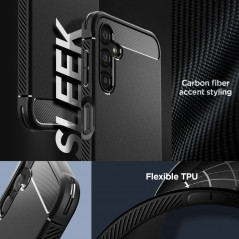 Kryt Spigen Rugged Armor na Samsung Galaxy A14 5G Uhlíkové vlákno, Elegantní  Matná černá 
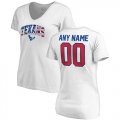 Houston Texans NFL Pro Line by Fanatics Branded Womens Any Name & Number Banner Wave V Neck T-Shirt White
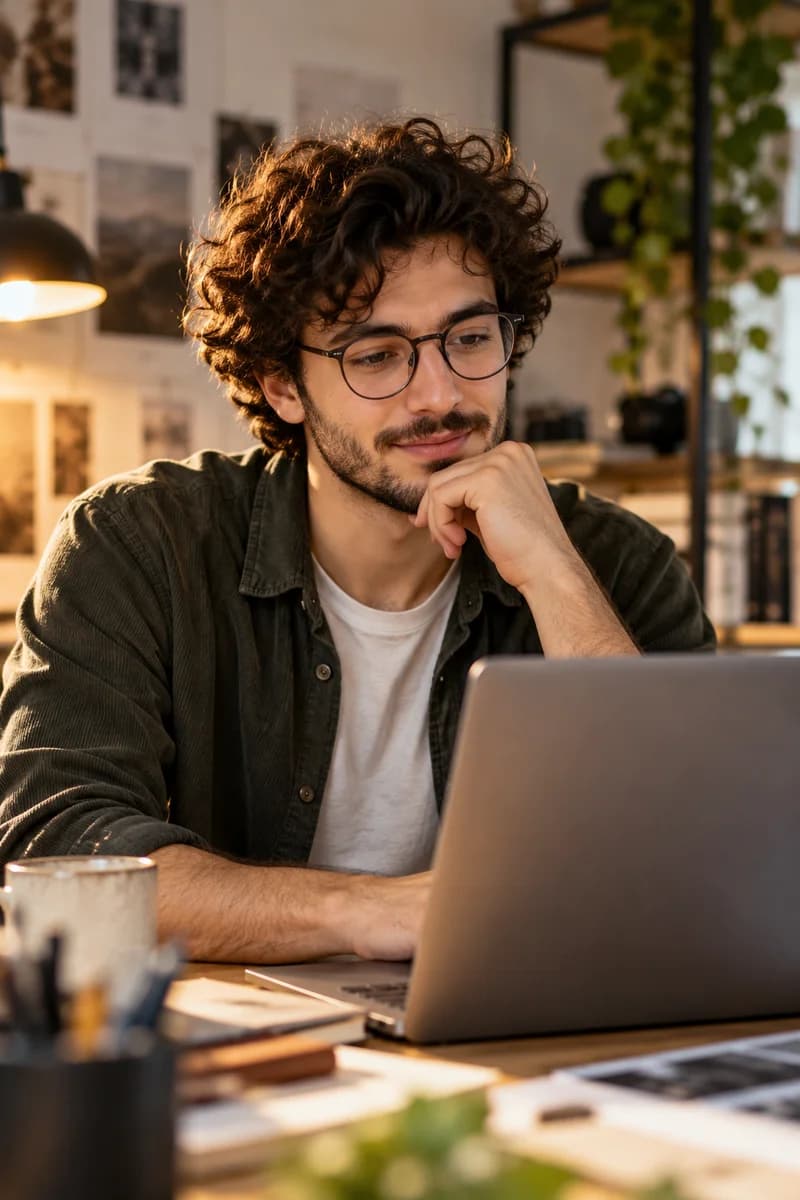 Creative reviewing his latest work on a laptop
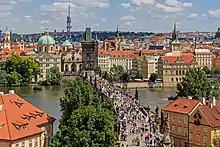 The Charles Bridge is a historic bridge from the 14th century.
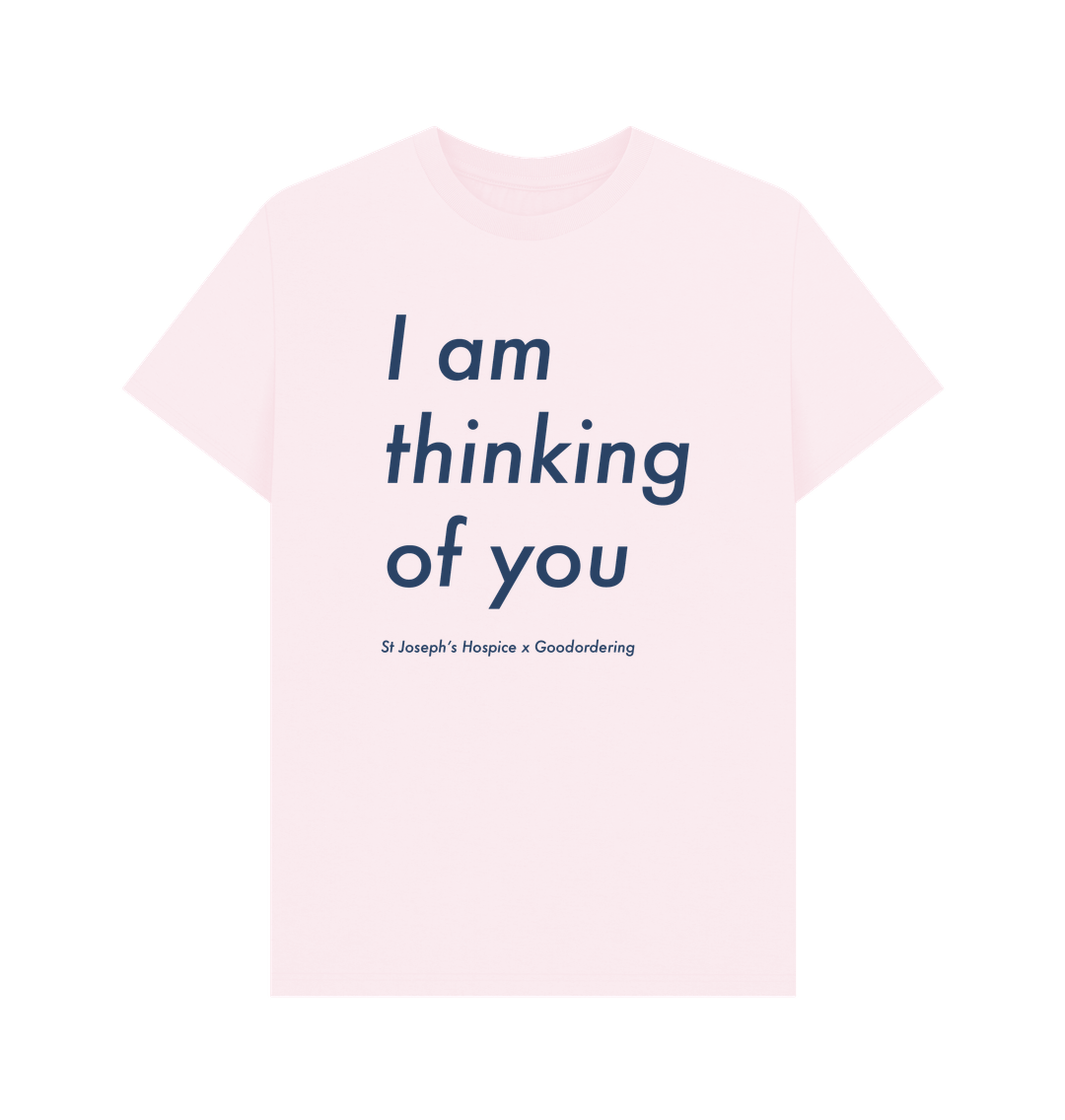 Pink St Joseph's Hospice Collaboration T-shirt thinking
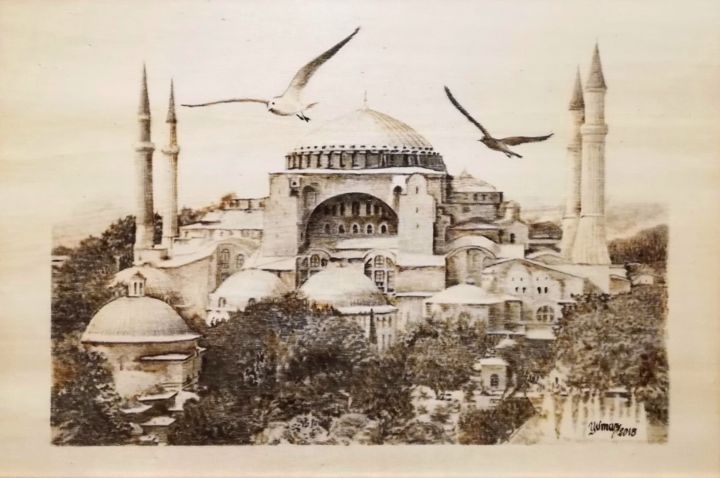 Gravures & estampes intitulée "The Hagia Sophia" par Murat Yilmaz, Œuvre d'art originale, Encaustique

----------------------------------------

» **Task requirements**
Please reproduce the entries above line by line, exactly, leaving out each image.

» **Solution below**
 Kryt Spigen Rugged Armor na Samsung Galaxy A14 5G Uhlíkové vlákno, Elegantní  Matná černá 
 Houston Texans NFL Pro Line by Fanatics Branded Womens Any Name & Number Banner Wave V Neck T-Shirt White
 Creative reviewing his latest work on a laptop
 The Charles Bridge is a historic bridge from the 14th century.
 Pink St Joseph's Hospice Collaboration T-shirt thinking
 Gravures & estampes intitulée "The Hagia Sophia" par Murat Yilmaz, Œuvre d'art originale, Encaustique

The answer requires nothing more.